### WHAT THE TASK REQUIRES:
What the task needs is every record repeated exactly, nothing more.

### Scraped caption text data:
★ ★ ★ ★
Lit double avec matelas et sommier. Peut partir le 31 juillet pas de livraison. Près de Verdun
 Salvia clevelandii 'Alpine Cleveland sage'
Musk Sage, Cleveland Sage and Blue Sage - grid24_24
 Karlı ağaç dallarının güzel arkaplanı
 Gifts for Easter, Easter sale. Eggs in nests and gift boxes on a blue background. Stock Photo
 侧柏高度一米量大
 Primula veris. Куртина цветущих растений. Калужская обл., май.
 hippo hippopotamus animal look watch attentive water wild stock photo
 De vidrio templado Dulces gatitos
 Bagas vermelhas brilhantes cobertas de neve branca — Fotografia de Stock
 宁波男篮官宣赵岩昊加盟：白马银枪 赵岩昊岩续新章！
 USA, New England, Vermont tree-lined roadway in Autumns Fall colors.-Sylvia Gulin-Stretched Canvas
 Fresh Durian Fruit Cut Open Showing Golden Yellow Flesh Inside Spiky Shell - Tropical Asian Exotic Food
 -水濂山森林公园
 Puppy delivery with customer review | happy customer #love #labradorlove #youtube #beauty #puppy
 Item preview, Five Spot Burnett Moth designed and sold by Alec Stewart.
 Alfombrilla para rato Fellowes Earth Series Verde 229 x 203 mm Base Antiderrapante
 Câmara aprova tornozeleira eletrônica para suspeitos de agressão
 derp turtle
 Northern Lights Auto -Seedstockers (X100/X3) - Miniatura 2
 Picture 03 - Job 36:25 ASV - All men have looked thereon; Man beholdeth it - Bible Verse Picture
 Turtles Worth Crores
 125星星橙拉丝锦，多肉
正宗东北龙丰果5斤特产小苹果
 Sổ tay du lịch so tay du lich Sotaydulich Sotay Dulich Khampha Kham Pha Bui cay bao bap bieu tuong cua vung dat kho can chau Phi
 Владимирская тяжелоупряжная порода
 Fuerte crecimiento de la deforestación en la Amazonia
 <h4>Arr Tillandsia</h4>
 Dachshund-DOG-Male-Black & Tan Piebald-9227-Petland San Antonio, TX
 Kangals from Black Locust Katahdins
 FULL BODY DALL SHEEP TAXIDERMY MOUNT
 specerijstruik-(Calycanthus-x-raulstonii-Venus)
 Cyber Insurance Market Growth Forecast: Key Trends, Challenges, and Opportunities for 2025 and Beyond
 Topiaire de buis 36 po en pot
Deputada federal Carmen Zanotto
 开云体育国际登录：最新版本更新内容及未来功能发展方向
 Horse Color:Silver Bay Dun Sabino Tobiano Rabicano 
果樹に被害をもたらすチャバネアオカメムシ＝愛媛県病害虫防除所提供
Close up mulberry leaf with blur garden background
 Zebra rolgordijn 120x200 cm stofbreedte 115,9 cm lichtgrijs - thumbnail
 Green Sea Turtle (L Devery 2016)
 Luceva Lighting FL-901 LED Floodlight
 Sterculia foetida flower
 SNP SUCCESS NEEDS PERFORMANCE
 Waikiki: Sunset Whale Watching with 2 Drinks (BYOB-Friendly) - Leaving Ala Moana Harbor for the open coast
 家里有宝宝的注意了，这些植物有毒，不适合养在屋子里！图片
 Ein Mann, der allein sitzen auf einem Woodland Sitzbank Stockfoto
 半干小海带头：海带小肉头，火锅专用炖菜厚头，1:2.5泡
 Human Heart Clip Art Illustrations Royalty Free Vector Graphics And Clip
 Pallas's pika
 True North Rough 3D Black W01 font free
★ ★ ★ ★
### WRITTEN ANSWER:
Lit double avec matelas et sommier. Peut partir le 31 juillet pas de livraison. Près de Verdun
 Salvia clevelandii 'Alpine Cleveland sage'
Musk Sage, Cleveland Sage and Blue Sage - grid24_24
 Karlı ağaç dallarının güzel arkaplanı
 Gifts for Easter, Easter sale. Eggs in nests and gift boxes on a blue background. Stock Photo
 侧柏高度一米量大
 Primula veris. Куртина цветущих растений. Калужская обл., май.
 hippo hippopotamus animal look watch attentive water wild stock photo
 De vidrio templado Dulces gatitos
 Bagas vermelhas brilhantes cobertas de neve branca — Fotografia de Stock
 宁波男篮官宣赵岩昊加盟：白马银枪 赵岩昊岩续新章！
 USA, New England, Vermont tree-lined roadway in Autumns Fall colors.-Sylvia Gulin-Stretched Canvas
 Fresh Durian Fruit Cut Open Showing Golden Yellow Flesh Inside Spiky Shell - Tropical Asian Exotic Food
 -水濂山森林公园
 Puppy delivery with customer review | happy customer #love #labradorlove #youtube #beauty #puppy
 Item preview, Five Spot Burnett Moth designed and sold by Alec Stewart.
 Alfombrilla para rato Fellowes Earth Series Verde 229 x 203 mm Base Antiderrapante
 Câmara aprova tornozeleira eletrônica para suspeitos de agressão
 derp turtle
 Northern Lights Auto -Seedstockers (X100/X3) - Miniatura 2
 Picture 03 - Job 36:25 ASV - All men have looked thereon; Man beholdeth it - Bible Verse Picture
 Turtles Worth Crores
 125星星橙拉丝锦，多肉
正宗东北龙丰果5斤特产小苹果
 Sổ tay du lịch so tay du lich Sotaydulich Sotay Dulich Khampha Kham Pha Bui cay bao bap bieu tuong cua vung dat kho can chau Phi
 Владимирская тяжелоупряжная порода
 Fuerte crecimiento de la deforestación en la Amazonia
 <h4>Arr Tillandsia</h4>
 Dachshund-DOG-Male-Black & Tan Piebald-9227-Petland San Antonio, TX
 Kangals from Black Locust Katahdins
 FULL BODY DALL SHEEP TAXIDERMY MOUNT
 specerijstruik-(Calycanthus-x-raulstonii-Venus)
 Cyber Insurance Market Growth Forecast: Key Trends, Challenges, and Opportunities for 2025 and Beyond
 Topiaire de buis 36 po en pot
Deputada federal Carmen Zanotto
 开云体育国际登录：最新版本更新内容及未来功能发展方向
 Horse Color:Silver Bay Dun Sabino Tobiano Rabicano 
果樹に被害をもたらすチャバネアオカメムシ＝愛媛県病害虫防除所提供
Close up mulberry leaf with blur garden background
 Zebra rolgordijn 120x200 cm stofbreedte 115,9 cm lichtgrijs - thumbnail
 Green Sea Turtle (L Devery 2016)
 Luceva Lighting FL-901 LED Floodlight
 Sterculia foetida flower
 SNP SUCCESS NEEDS PERFORMANCE
 Waikiki: Sunset Whale Watching with 2 Drinks (BYOB-Friendly) - Leaving Ala Moana Harbor for the open coast
 家里有宝宝的注意了，这些植物有毒，不适合养在屋子里！图片
 Ein Mann, der allein sitzen auf einem Woodland Sitzbank Stockfoto
 半干小海带头：海带小肉头，火锅专用炖菜厚头，1:2.5泡
 Human Heart Clip Art Illustrations Royalty Free Vector Graphics And Clip
 Pallas's pika
 True North Rough 3D Black W01 font free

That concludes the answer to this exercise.